Updated December 29, 2000, 9:56 a.m. ET ET
Police fear shrewd inmate is leading band of escapees  
   

DALLAS (AP) — Police believe an armed robber described as a master criminal is leading a band of heavily armed escaped inmates accused of killing a police officer, and authorities fear the group may be planning a violent showdown.

"They are apparently on a mission, and it's a pretty dark mission," FBI spokeswoman Lori Bailey told The Dallas Morning News. "Does anybody know what that is right now? I don't think anybody does."

Bailey said the federal agency was compiling behavioral profiles of the escaped convicts.
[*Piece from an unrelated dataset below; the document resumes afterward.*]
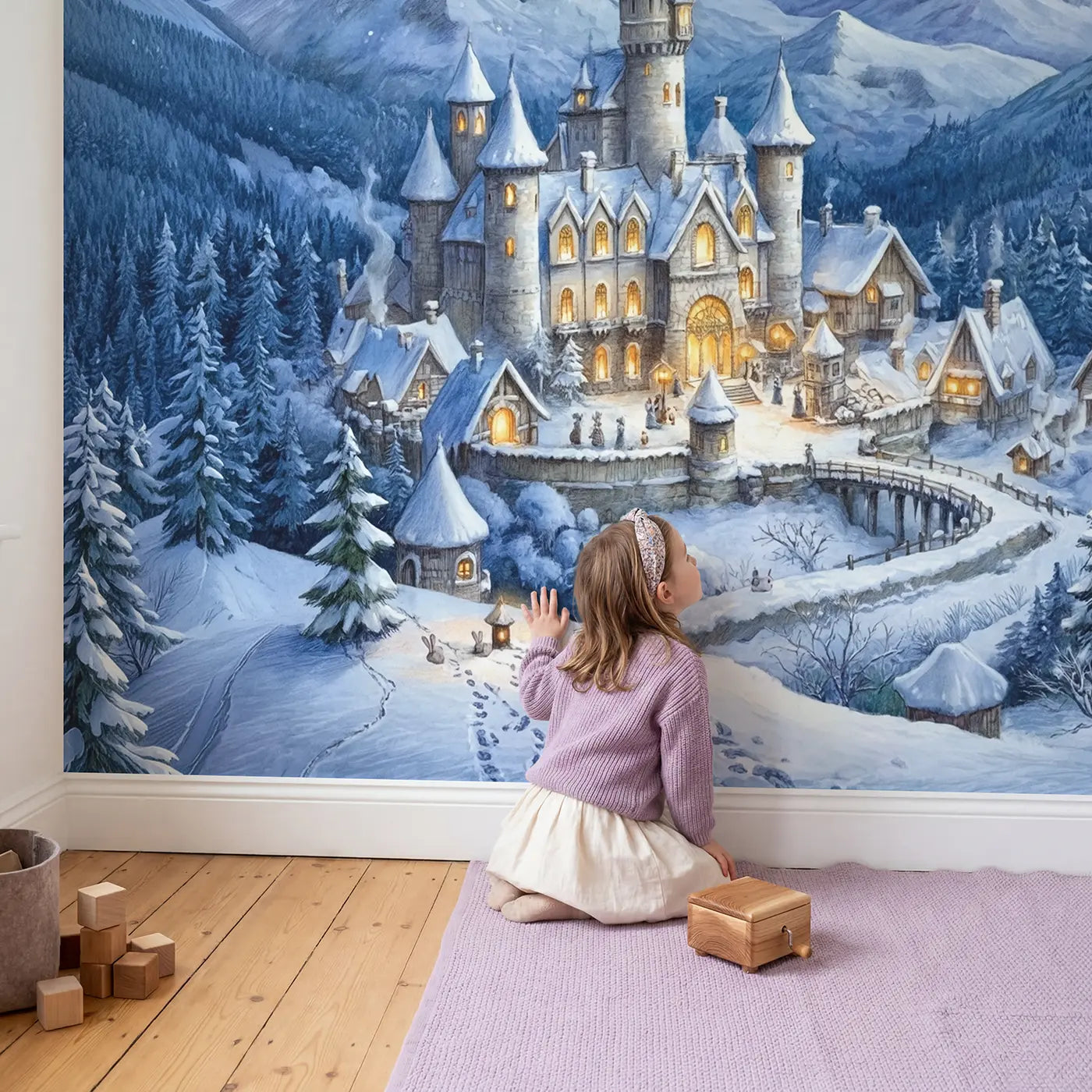 Child in nursery with Winter Castle Warm Windows Wallpaper Mural by Whimsy Tots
The only clue to the plans of the seven inmates, which includes two murderers, was a note left during their escape from a Kenedy prison on Dec. 13: "You haven't heard the last of us."

The last anyone has apparently seen of them was a robbery at an Irving sporting goods store on Christmas Eve that left a police officer dead. The bandits got away with more than two dozen weapons, including semiautomatic hunting rifles and pistols.

When they broke out of prison, they escaped with an arsenal of weapons taken from a guard tower.

Those weapons and rumors that they are being aided raises the specter of a violent standoff, Bailey said.

"Certainly we're all concerned about that," she told the Los Angeles Times. "They have quite a cache of weapons and ammunition, and they're obviously not afraid to use them."

Authorities believe gang leader is George Rivas, who was serving 99 years for aggravated kidnapping and burglary. Prosecutors and law officers called him "one of the most dangerous men in El Paso."

Rivas was caught after a string of armed robberies in El Paso, which resembled the Christmas Eve robbery and included the same target — an Oshman's Super Sports USA store. His arrest followed a three-hour standoff with police.

The slain rookie police officer, 29-year-old Aubrey Hawkins, was remembered Thursday as a kind, helpful man whose lifelong dream was to make the world better by fighting crime.

"It's not how Aubrey died that made him my hero — it's how he lived," Irving Police Chief Lowell Cannaday told the more than 1,000 people packed in the Calvary Temple.